> Records for processing

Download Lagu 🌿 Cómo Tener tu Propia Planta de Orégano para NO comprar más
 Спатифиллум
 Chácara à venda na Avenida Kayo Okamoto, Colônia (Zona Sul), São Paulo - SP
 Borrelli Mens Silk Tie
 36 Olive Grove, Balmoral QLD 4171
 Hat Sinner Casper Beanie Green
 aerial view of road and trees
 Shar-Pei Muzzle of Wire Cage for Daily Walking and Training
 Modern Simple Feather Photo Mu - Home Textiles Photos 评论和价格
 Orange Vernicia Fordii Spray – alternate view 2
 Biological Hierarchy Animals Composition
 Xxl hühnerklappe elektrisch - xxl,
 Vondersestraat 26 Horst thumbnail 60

> Brief
The entries above must be repeated word for word.

> Worked solution
Download Lagu 🌿 Cómo Tener tu Propia Planta de Orégano para NO comprar más
 Спатифиллум
 Chácara à venda na Avenida Kayo Okamoto, Colônia (Zona Sul), São Paulo - SP
 Borrelli Mens Silk Tie
 36 Olive Grove, Balmoral QLD 4171
 Hat Sinner Casper Beanie Green
 aerial view of road and trees
 Shar-Pei Muzzle of Wire Cage for Daily Walking and Training
 Modern Simple Feather Photo Mu - Home Textiles Photos 评论和价格
 Orange Vernicia Fordii Spray – alternate view 2
 Biological Hierarchy Animals Composition
 Xxl hühnerklappe elektrisch - xxl,
 Vondersestraat 26 Horst thumbnail 60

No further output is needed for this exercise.